The twelve studies here are arranged in three distinct groups – Arabic and Judaeo-Arabic philosophy, Jewish mysticism, and modern philosophy. One theme that appears in various forms and from different angles in the first two sections is that of ‘Images of the Divine’. It figures not only in the account of mystical imagery but also in the discussion of the ‘Know thyself’ motif, and is closely allied to the subject-matter of the studies dealing with man’s ascent to the vision of God and his ultimate felicity.
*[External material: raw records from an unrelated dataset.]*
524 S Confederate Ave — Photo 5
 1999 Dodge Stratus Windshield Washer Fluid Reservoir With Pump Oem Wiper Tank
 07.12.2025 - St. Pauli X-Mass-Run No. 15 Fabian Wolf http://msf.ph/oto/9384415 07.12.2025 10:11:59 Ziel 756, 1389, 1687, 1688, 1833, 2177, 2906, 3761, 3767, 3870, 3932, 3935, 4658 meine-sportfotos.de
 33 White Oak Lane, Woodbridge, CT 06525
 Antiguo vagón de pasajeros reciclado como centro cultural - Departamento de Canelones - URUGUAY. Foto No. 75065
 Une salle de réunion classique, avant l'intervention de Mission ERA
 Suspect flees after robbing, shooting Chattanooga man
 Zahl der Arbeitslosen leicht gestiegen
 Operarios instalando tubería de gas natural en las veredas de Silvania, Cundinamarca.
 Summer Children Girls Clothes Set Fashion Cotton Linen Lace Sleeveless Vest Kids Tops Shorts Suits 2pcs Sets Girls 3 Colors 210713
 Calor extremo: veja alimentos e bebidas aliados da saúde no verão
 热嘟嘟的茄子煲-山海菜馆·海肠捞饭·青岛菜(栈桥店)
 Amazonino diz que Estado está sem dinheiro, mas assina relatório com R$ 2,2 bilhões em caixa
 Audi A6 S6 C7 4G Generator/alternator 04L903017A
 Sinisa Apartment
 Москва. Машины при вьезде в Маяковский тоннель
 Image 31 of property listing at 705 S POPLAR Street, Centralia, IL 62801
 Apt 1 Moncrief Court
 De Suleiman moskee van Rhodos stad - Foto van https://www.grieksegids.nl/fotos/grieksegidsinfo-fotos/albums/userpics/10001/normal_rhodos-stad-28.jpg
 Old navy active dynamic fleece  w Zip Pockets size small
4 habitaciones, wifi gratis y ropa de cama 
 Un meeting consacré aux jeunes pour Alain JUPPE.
In the third section three thinkers are discussed: the English Deist, William Wollaston, who is shown to be steeped in the medieval Jewish traditions of philosophy and mysticism; Moses Mendelssohn, the philosopher of eighteenth-century Enlightenment, whose thesis asserting Spinoza’s influence on Leibniz’s doctrine of the pre-established Harmony is investigated critically; and Franz Rosenzweig, the most brilliant religious philosopher in twentieth-century Jewry, whose notion of History is analysed.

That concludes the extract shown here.